Held: in the circumstances of this case, petitioner was not denied the trial "by an impartial jury" guaranteed by the Sixth Amendment. Pp. 164-172
(a) The enactment of D.C.Code (1940) § 11-1420, which removed (with specified exceptions) the previously existing disqualification of government employees for jury service in the District of Columbia in criminal and other cases to which the Government is a party, was within the power of Congress and therefore employees of the Federal Government are not challengeable solely by reason of their employment. United States v. Wood, 299 U.S. 123; Frazier v. United States, 335 U.S. 497. Pp. 165-167, 172.

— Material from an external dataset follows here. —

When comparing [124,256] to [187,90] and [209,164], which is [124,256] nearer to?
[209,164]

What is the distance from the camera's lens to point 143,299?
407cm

(b) While impaneling a jury, the trial court has a serious duty to determine the question of actual bias and a broad discretion in its rulings on the challenges therefor, and it must be zealous to protect the rights of an accused irrespective of his political or religious beliefs. P. 168.
(c) One of an unpopular minority group must be accorded that solicitude which properly accompanies an accused person; but he is not entitled to unusual protection or exception. P. 168.
(d) In order to secure the constitutional guarantee of trial by an impartial jury in the circumstances of this case, it is not necessary that all government employees be held to be biased as a matter of law. Pp. 168, 172.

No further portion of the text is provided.